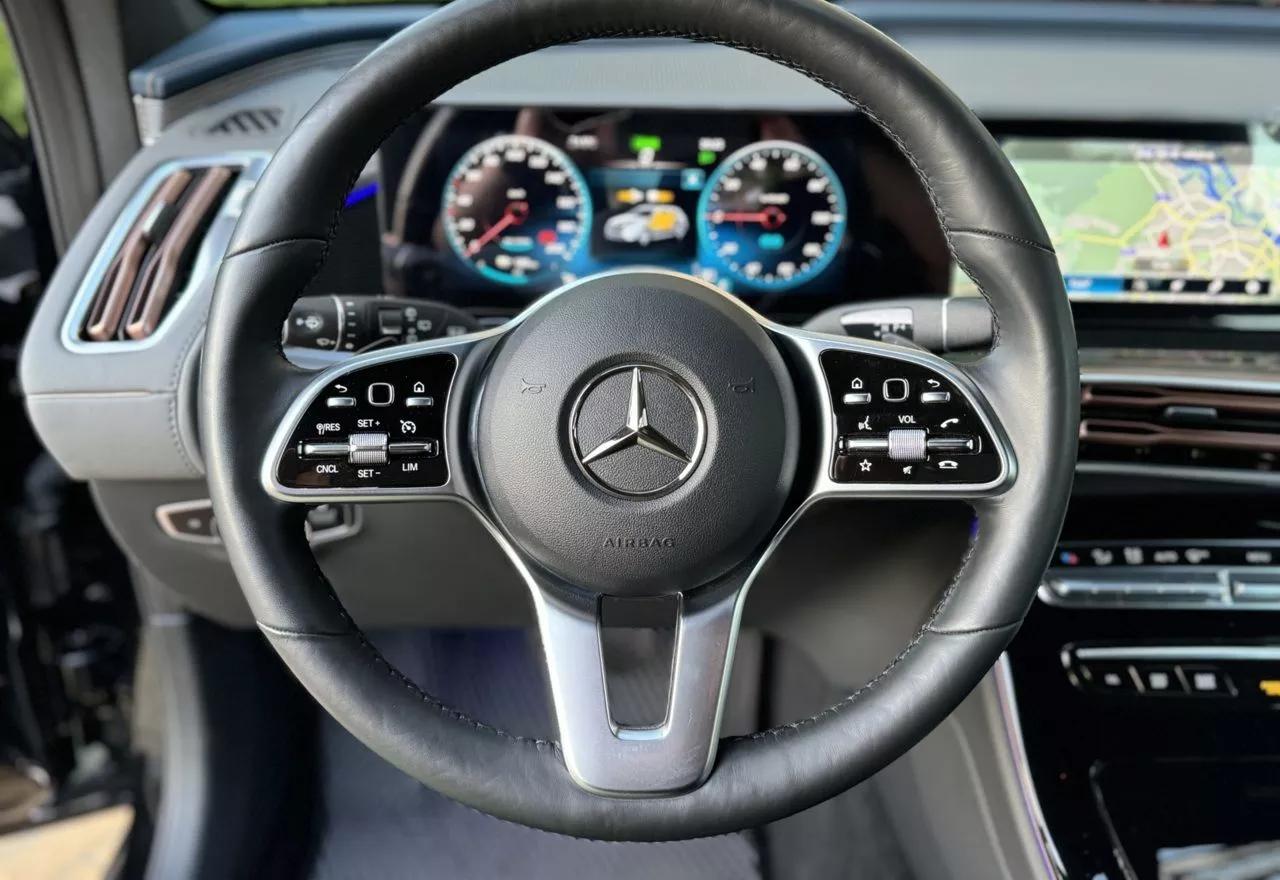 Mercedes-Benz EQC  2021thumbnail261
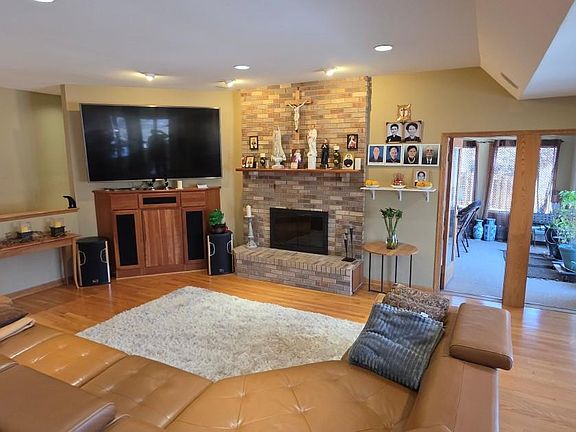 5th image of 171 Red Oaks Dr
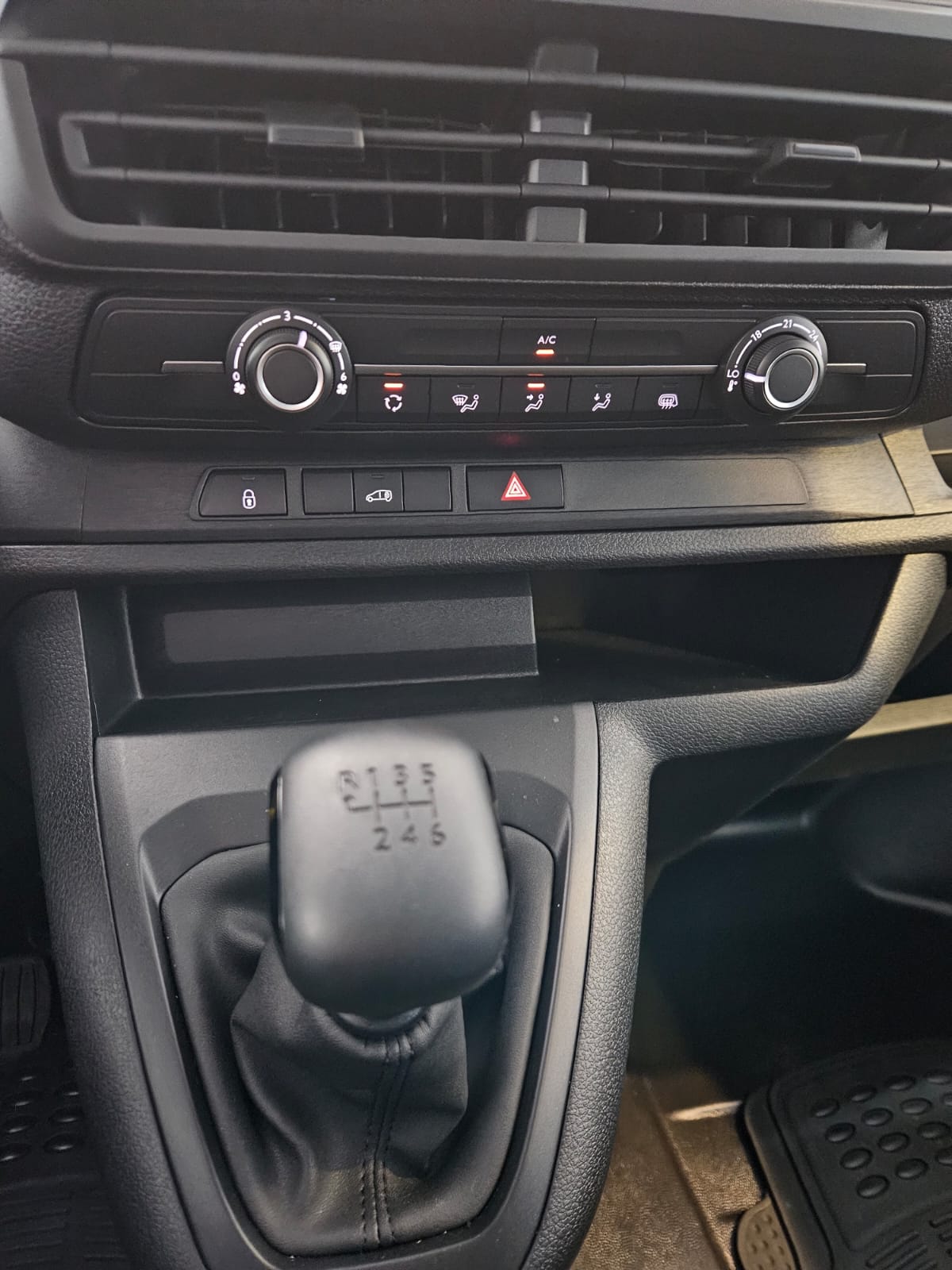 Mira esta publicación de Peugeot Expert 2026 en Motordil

....

## Directions:
Only the lines from the one containing "5th image of 171 Red Oaks Dr" through the end of the listing above should be reproduced, exactly as they stand. Leave the pictures out.

## Task result:
 5th image of 171 Red Oaks Dr
 Mira esta publicación de Peugeot Expert 2026 en Motordil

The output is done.